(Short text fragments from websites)
* * * * *

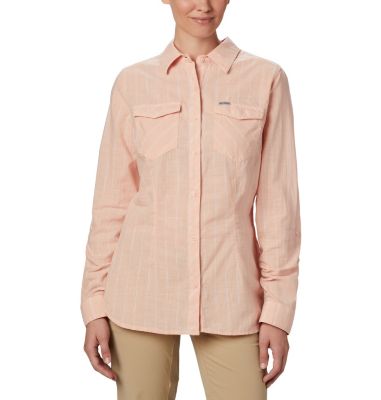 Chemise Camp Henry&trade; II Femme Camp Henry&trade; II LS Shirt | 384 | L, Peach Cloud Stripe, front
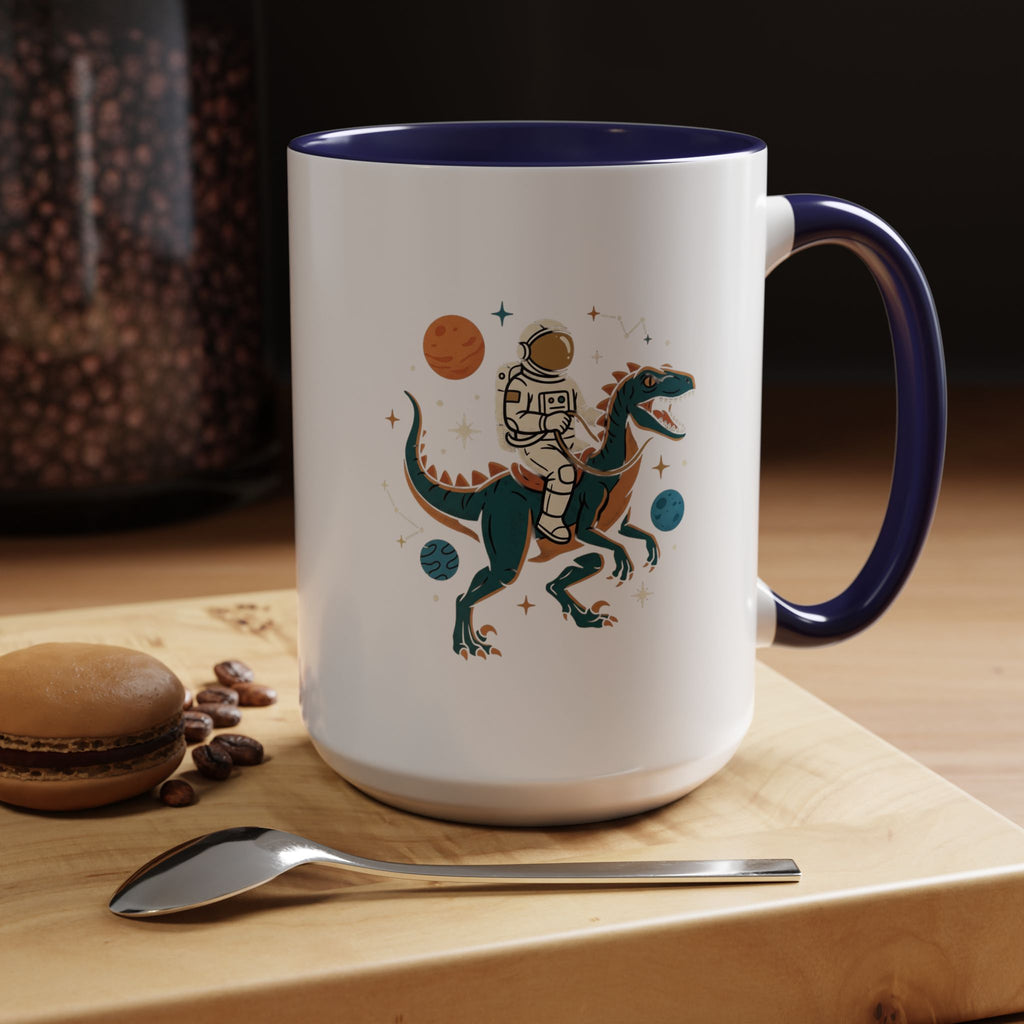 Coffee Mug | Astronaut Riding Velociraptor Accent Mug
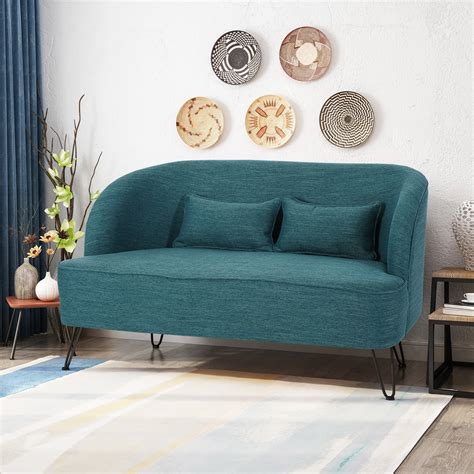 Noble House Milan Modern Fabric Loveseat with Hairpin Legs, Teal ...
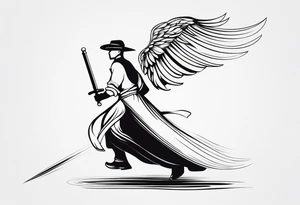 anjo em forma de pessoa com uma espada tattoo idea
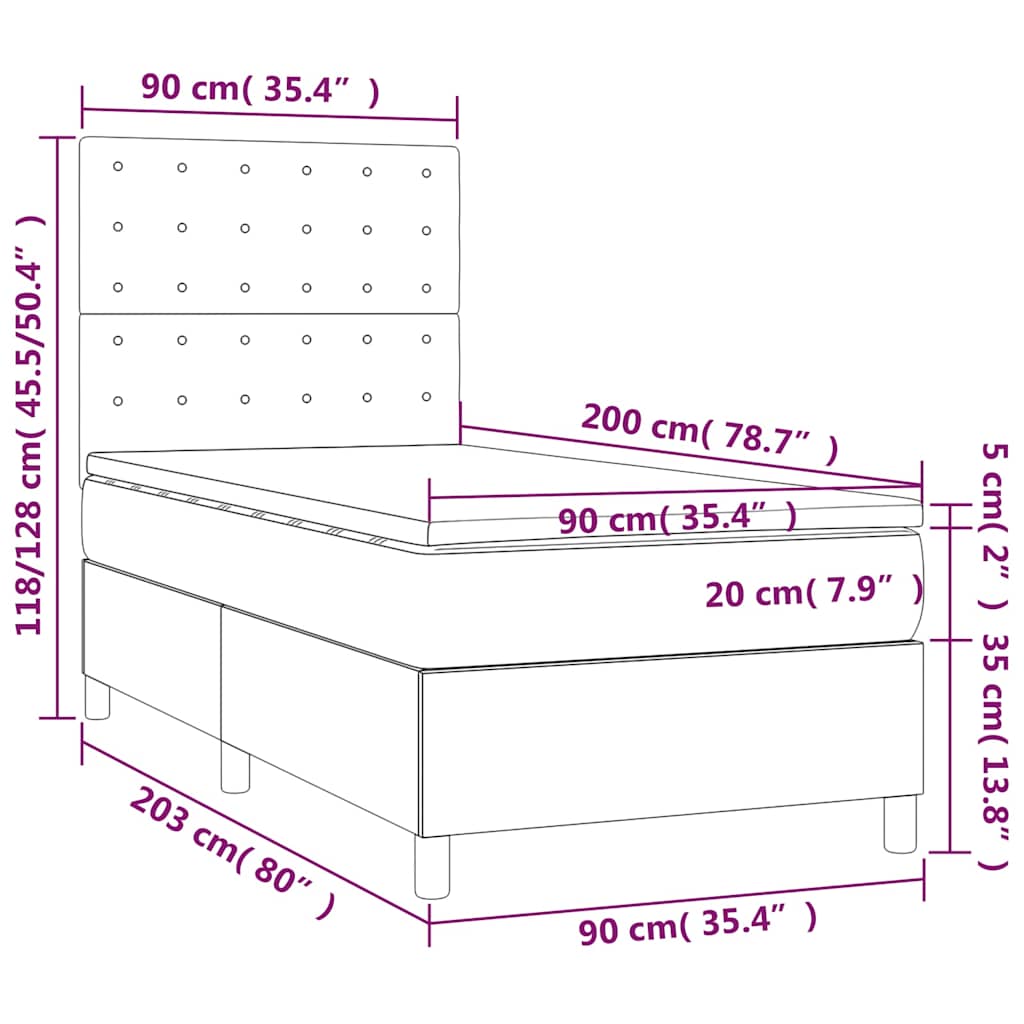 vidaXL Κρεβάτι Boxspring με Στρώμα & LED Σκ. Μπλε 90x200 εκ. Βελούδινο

* * * * *

What to produce – If any image appears in the entries, omit it and return the rest verbatim.

Answer for the task –
 Chemise Camp Henry&trade; II Femme Camp Henry&trade; II LS Shirt | 384 | L, Peach Cloud Stripe, front
 Coffee Mug | Astronaut Riding Velociraptor Accent Mug
 Noble House Milan Modern Fabric Loveseat with Hairpin Legs, Teal ...
 anjo em forma de pessoa com uma espada tattoo idea
 vidaXL Κρεβάτι Boxspring με Στρώμα & LED Σκ. Μπλε 90x200 εκ. Βελούδινο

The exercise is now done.